• **Exercise directions**
Go through the records below and report each line with "Photo" in it.

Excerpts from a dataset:

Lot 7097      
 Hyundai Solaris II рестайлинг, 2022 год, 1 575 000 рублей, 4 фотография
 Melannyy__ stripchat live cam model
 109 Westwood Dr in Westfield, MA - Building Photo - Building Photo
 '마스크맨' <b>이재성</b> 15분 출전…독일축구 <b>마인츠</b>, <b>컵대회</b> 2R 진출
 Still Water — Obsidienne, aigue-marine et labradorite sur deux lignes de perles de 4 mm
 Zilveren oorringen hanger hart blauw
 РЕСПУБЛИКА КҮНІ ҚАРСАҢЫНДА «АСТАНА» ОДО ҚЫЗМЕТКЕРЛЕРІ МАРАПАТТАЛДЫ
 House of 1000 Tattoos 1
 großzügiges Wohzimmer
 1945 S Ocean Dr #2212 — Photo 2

• **Finished exercise**
 109 Westwood Dr in Westfield, MA - Building Photo - Building Photo
 1945 S Ocean Dr #2212 — Photo 2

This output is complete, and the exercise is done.